AIM OF THE TASK.
Extract only the lines from the start of the entries below to the line with "Tejo House River", inclusive; omit every picture.

[DATA EXTRACTS Boundary: Start]

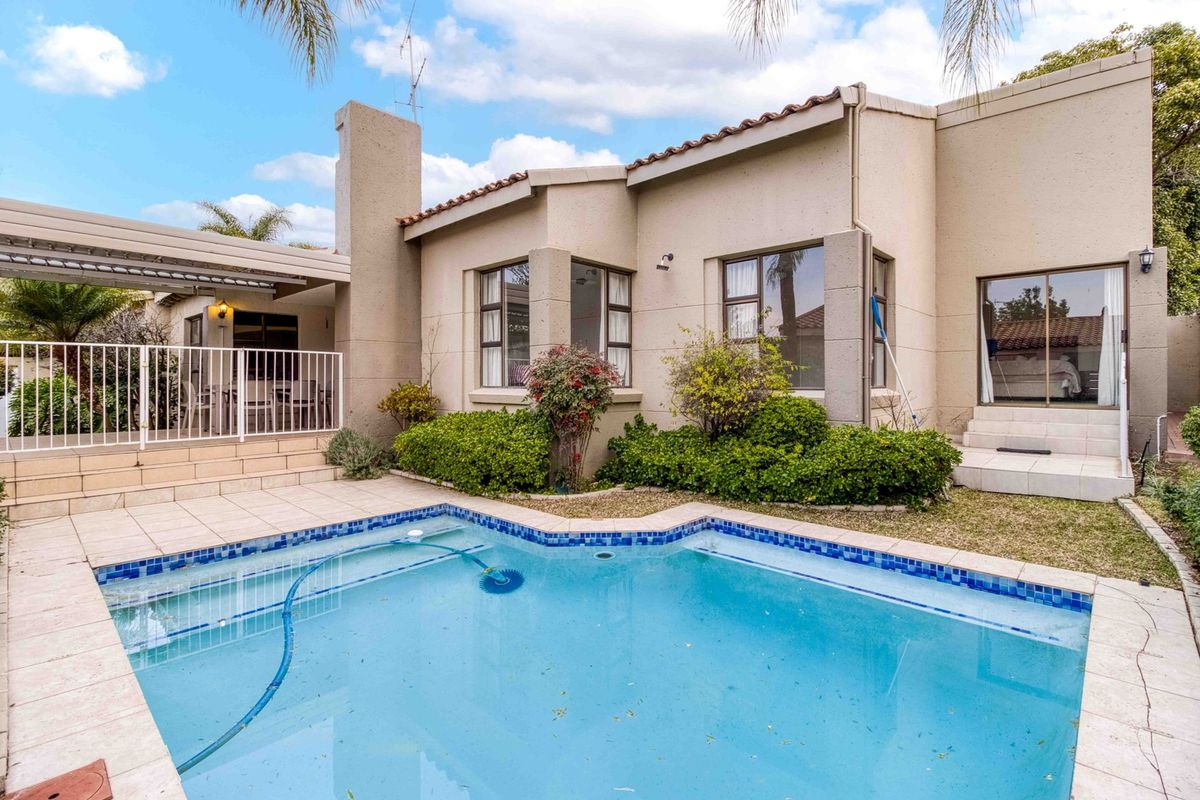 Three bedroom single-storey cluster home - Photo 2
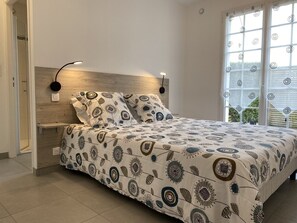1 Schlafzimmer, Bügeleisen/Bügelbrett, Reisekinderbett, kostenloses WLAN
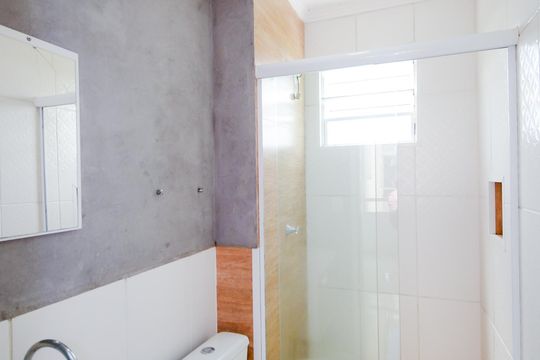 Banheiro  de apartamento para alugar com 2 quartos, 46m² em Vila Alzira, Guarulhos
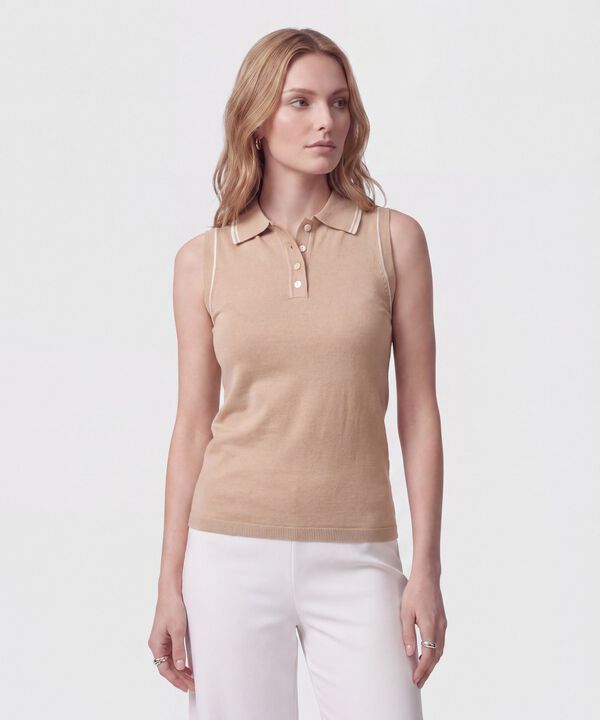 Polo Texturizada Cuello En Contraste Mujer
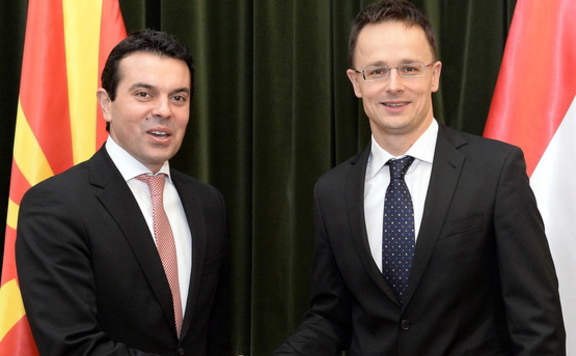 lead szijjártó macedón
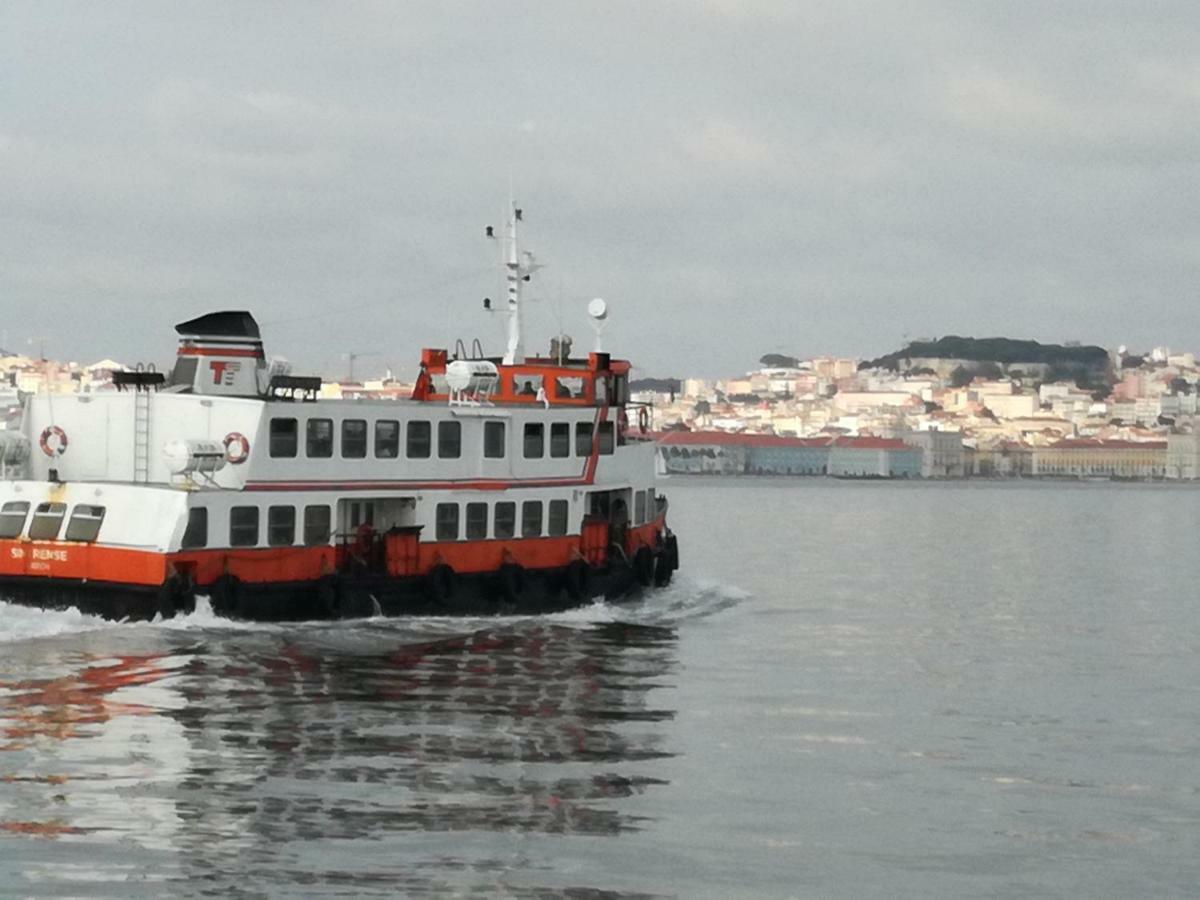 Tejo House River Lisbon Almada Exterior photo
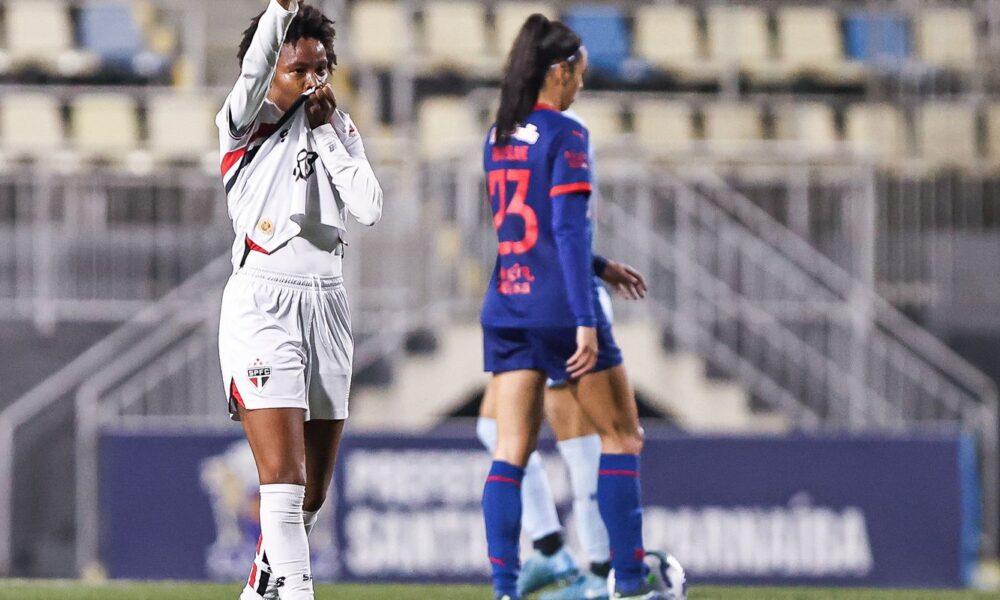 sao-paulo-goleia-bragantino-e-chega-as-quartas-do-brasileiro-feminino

[DATA EXTRACTS Boundary: End]

RESPONSE AREA.
 Three bedroom single-storey cluster home - Photo 2
1 Schlafzimmer, Bügeleisen/Bügelbrett, Reisekinderbett, kostenloses WLAN
 Banheiro  de apartamento para alugar com 2 quartos, 46m² em Vila Alzira, Guarulhos
 Polo Texturizada Cuello En Contraste Mujer
 lead szijjártó macedón
 Tejo House River Lisbon Almada Exterior photo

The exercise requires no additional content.